Banks are exposed to model risk if at any point a model is not properly documented or if improper variables are used. For example, it is discriminatory and illegal to use gender in a risk model, so a risk manager would want to check and make sure that this variable was not used.
Similar to operational risk, the processes put in place in order to protect against model risk are unwieldy, time-consuming and themselves open to risk of human error.
Through the wonders of technology, the mountains of paperwork synonymous with model risk management are consolidated into one report accessible at the click of the button. Anyone – from a risk manager to an auditor – can easily see all of the details that went into designing and testing any model. If there is a problem, it is easy to unravel the data and determine exactly where the problem occurred and who is responsible.

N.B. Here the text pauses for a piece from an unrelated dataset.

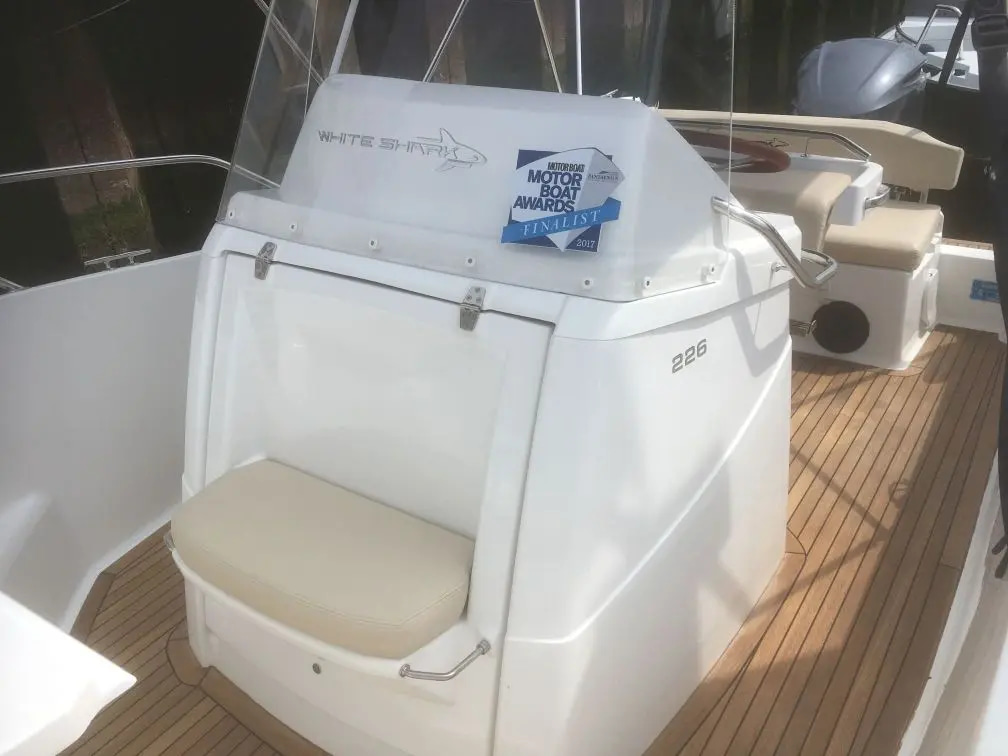 2016 White Shark 246 CC zu verkaufen (photo 4)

When a model does need to be updated, the changes can be made universally across the system so that anyone using the model will automatically have the new version.
Bringing Technology into Risk Management
Now is the time for risk managers to embrace the digital transformation that is sweeping the financial industry. There are tools out there that will easily turn risk management from a time-consuming highly manual job to one that is efficient, reliable and digital.
Hundreds of excel files can quickly be replaced by a comprehensive system that can be accessed and managed by team members no matter where they are, and that stores all of the historical data for any future use.
These tools are typically easy to master and intuitive to operate. When a bank literally has millions of dollars on the line every day, why take the chance of human error when there is a better, more accurate, flexible and scalable way?